### DIRECTIONS FOR THIS TASK
Transcribe each record word for word. Skip the images.

### Data items
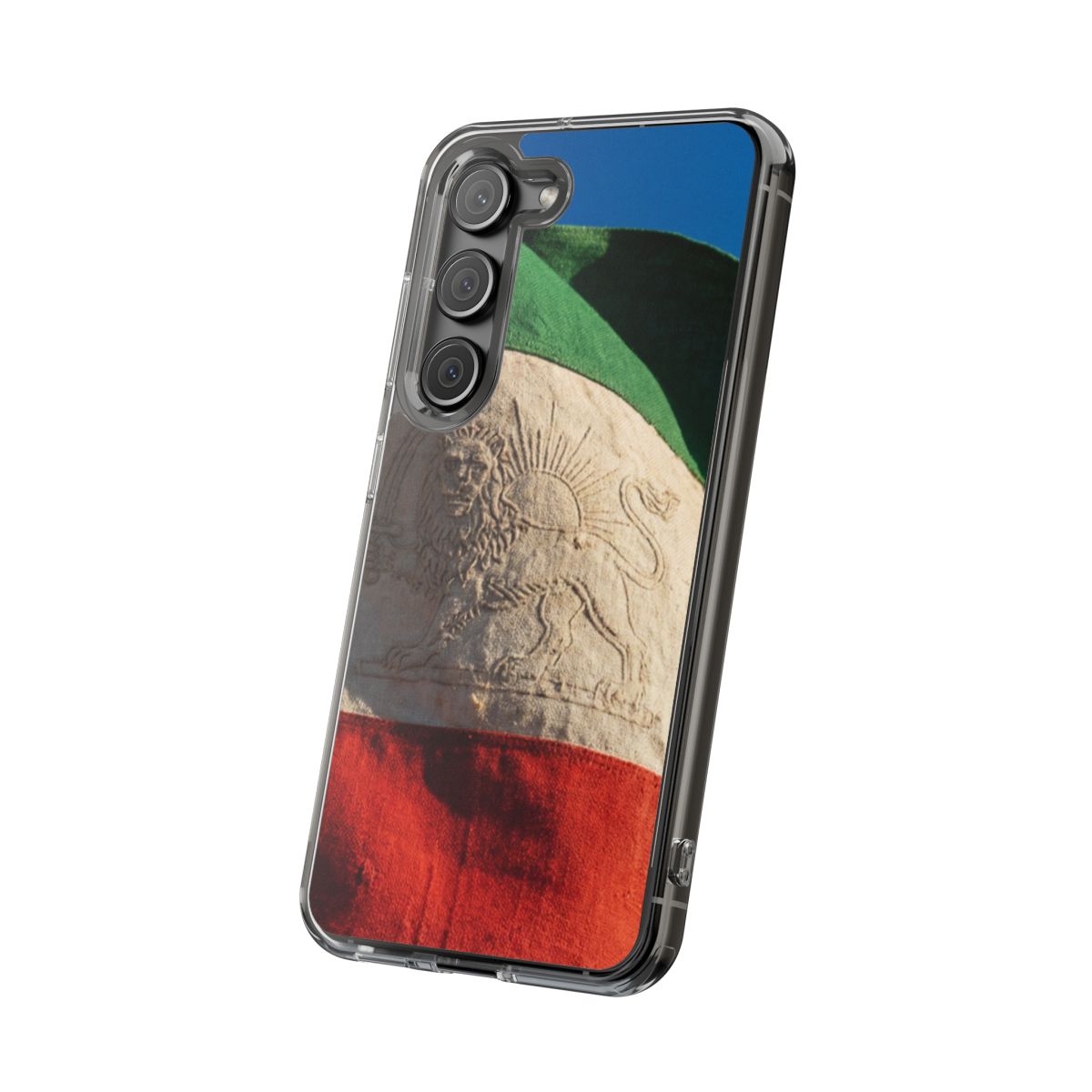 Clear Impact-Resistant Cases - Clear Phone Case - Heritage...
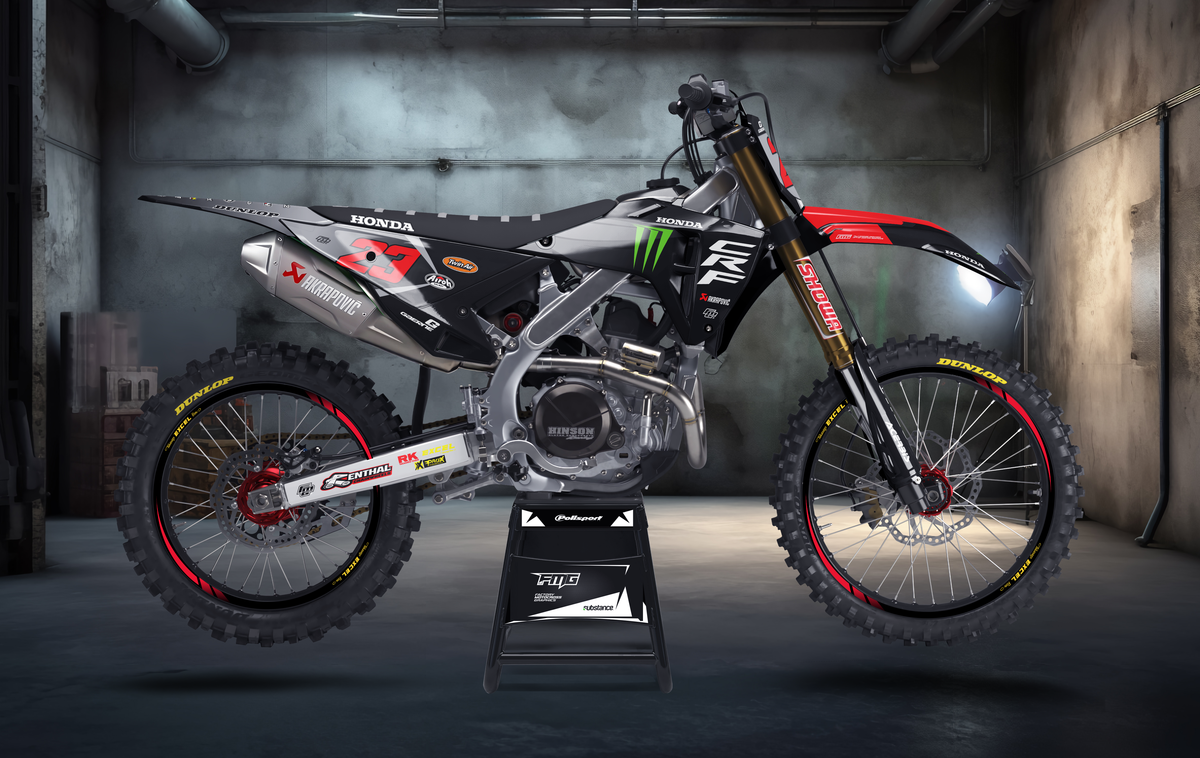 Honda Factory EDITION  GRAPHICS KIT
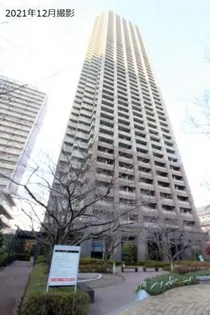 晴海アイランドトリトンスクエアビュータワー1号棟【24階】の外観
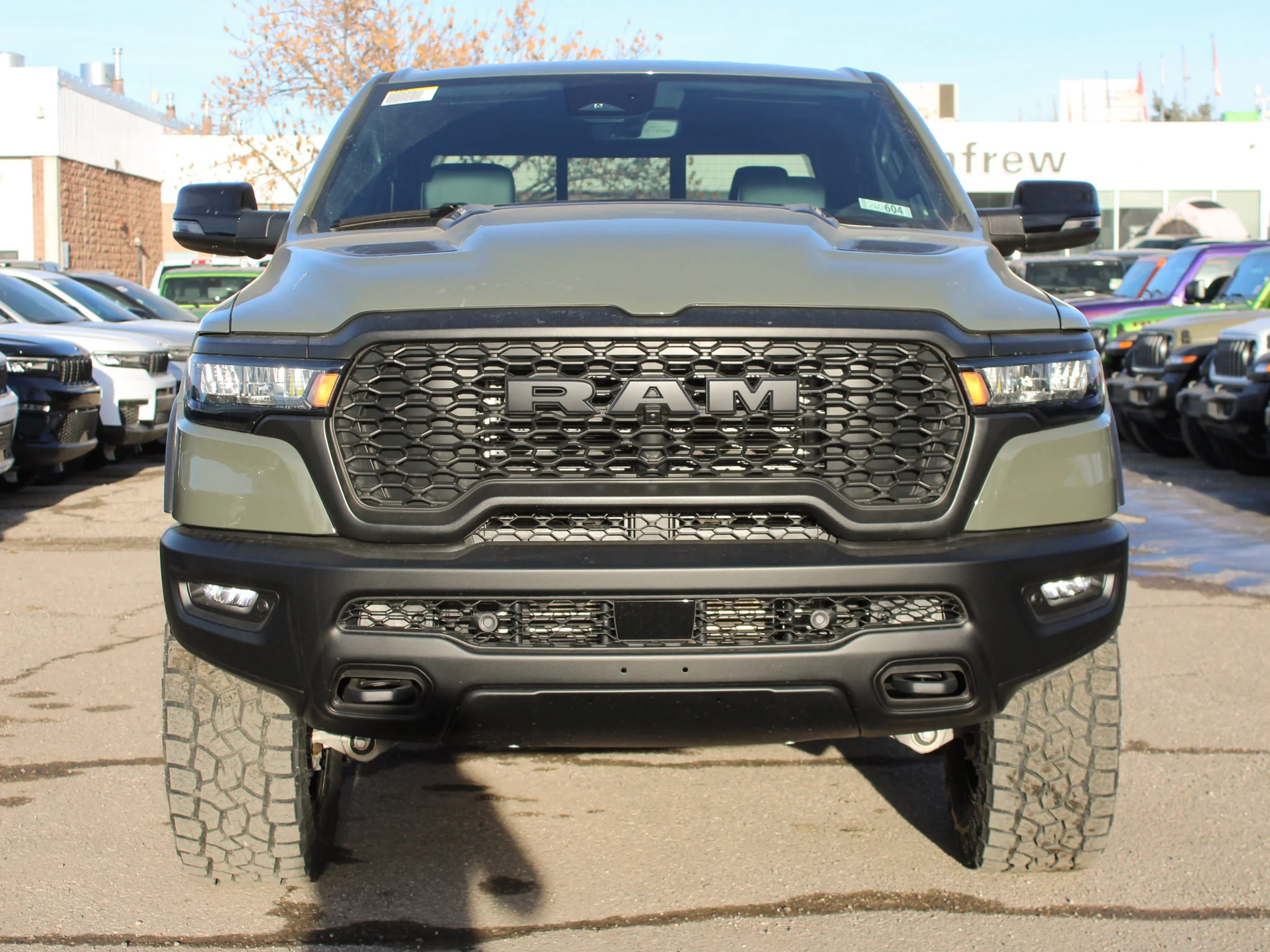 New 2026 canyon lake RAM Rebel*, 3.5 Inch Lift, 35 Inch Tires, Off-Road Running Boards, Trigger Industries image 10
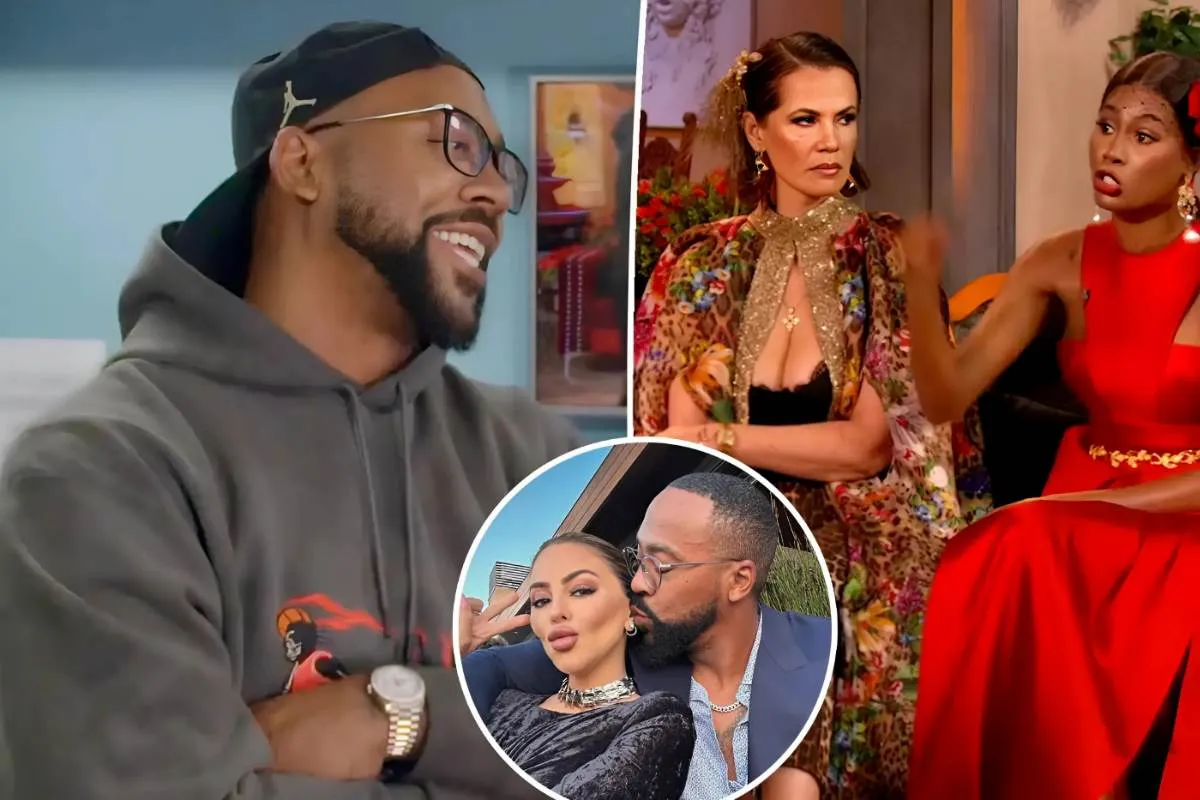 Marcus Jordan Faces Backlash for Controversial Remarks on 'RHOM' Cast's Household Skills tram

### RESULT FOR THIS TASK
 Clear Impact-Resistant Cases - Clear Phone Case - Heritage...
 Honda Factory EDITION  GRAPHICS KIT
 晴海アイランドトリトンスクエアビュータワー1号棟【24階】の外観
 New 2026 canyon lake RAM Rebel*, 3.5 Inch Lift, 35 Inch Tires, Off-Road Running Boards, Trigger Industries image 10
 Marcus Jordan Faces Backlash for Controversial Remarks on 'RHOM' Cast's Household Skills tram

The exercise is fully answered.